▶ _INSTRUCTIONS FOR THE TASK_
Repeat the listing exactly, minus the pictures.

▶ _EXERCISE DATA_
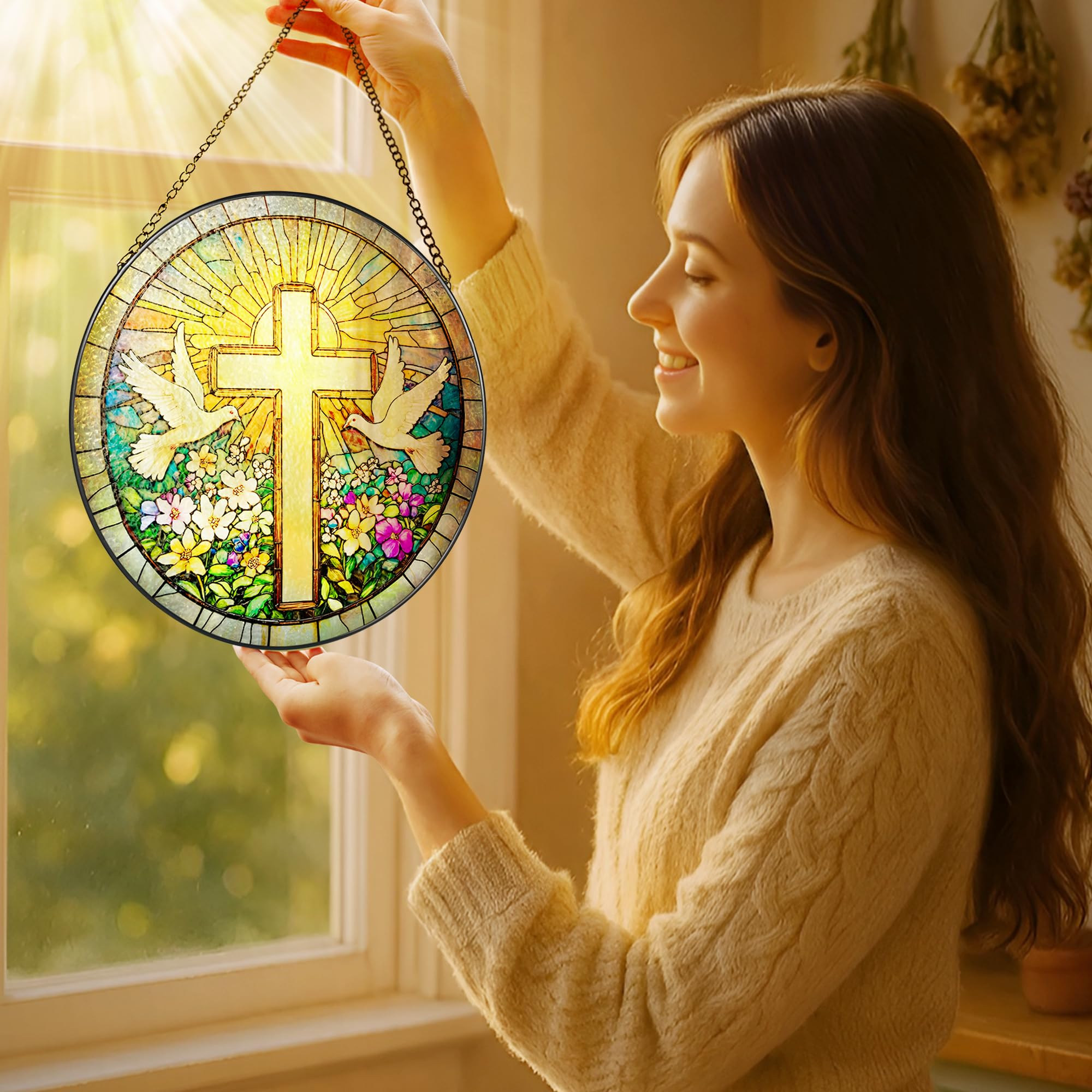 LAOWEIKI Stained glass cross suncatcher with window hanging for bright spaces.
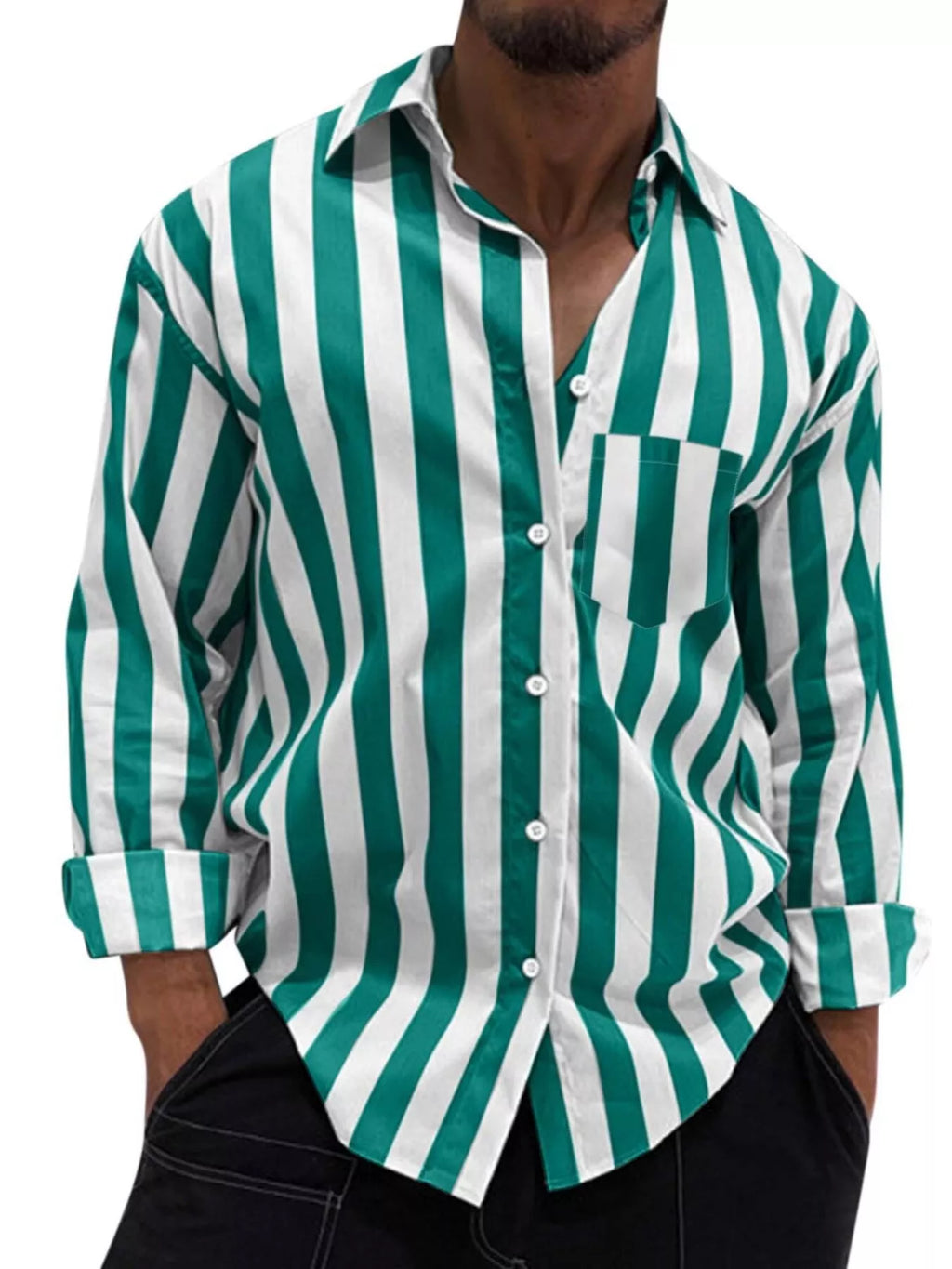 Men's long sleeve button-up shirt by Trendsi, LusterMan brand, featuring a stylish design and classic fit.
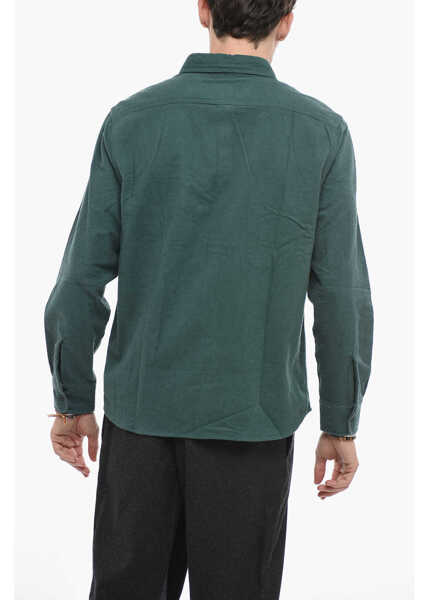 Jachete Woolrich Cotton Overshirt With Breast Pocket Green Barbati (BM 14793223) 2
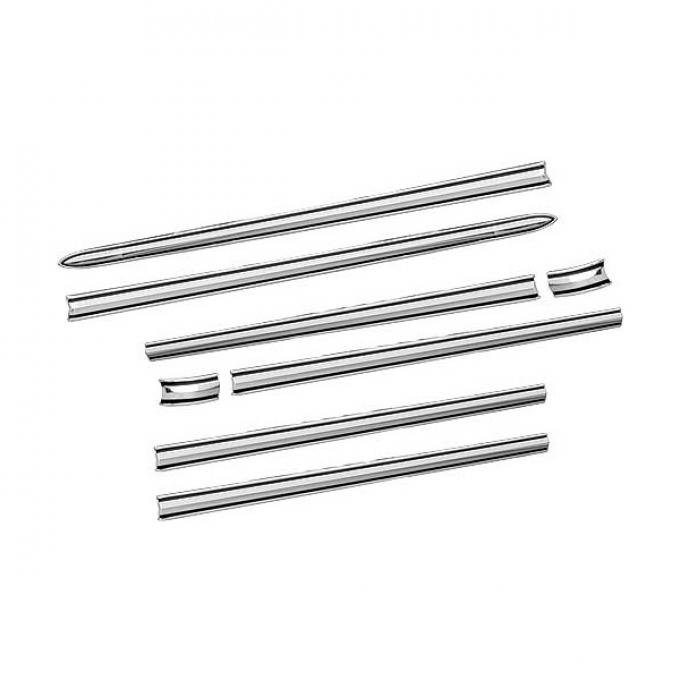 Ford Pickup Truck Body Side Moulding Kit - 1-1/2 Wide - 8 Pieces - F100 & F250 Before Serial #F70,001 With Long 8' Bed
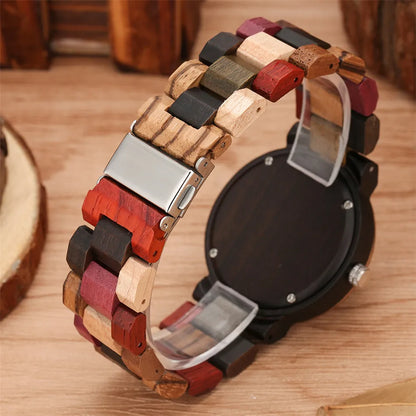 Women’s Wooden Quartz Watch – Blue Lava Dial with Mixed Color Band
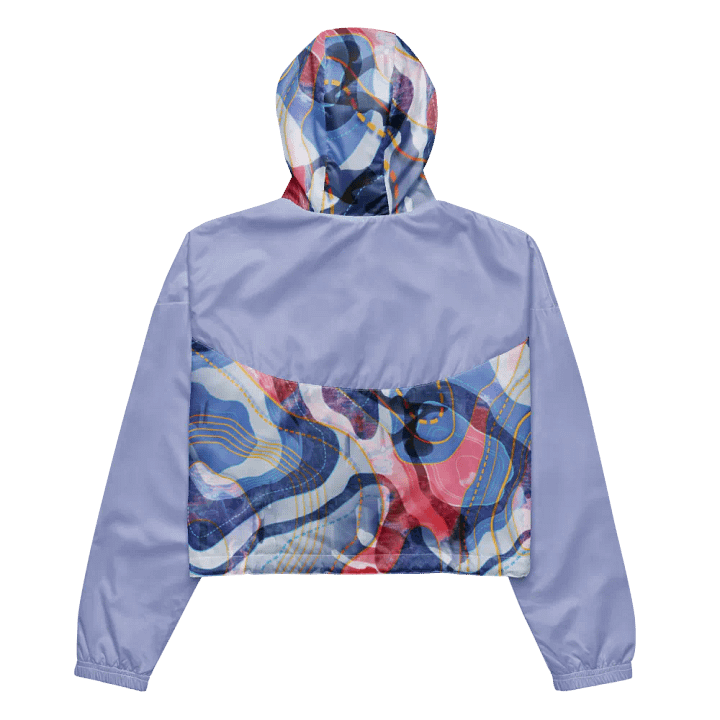 Tectonic map Women's Cropped Windbreaker product image (2)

▶ _ANSWER SECTION_
 LAOWEIKI Stained glass cross suncatcher with window hanging for bright spaces.
 Men's long sleeve button-up shirt by Trendsi, LusterMan brand, featuring a stylish design and classic fit.
 Jachete Woolrich Cotton Overshirt With Breast Pocket Green Barbati (BM 14793223) 2
 Ford Pickup Truck Body Side Moulding Kit - 1-1/2 Wide - 8 Pieces - F100 & F250 Before Serial #F70,001 With Long 8' Bed
 Women’s Wooden Quartz Watch – Blue Lava Dial with Mixed Color Band
 Tectonic map Women's Cropped Windbreaker product image (2)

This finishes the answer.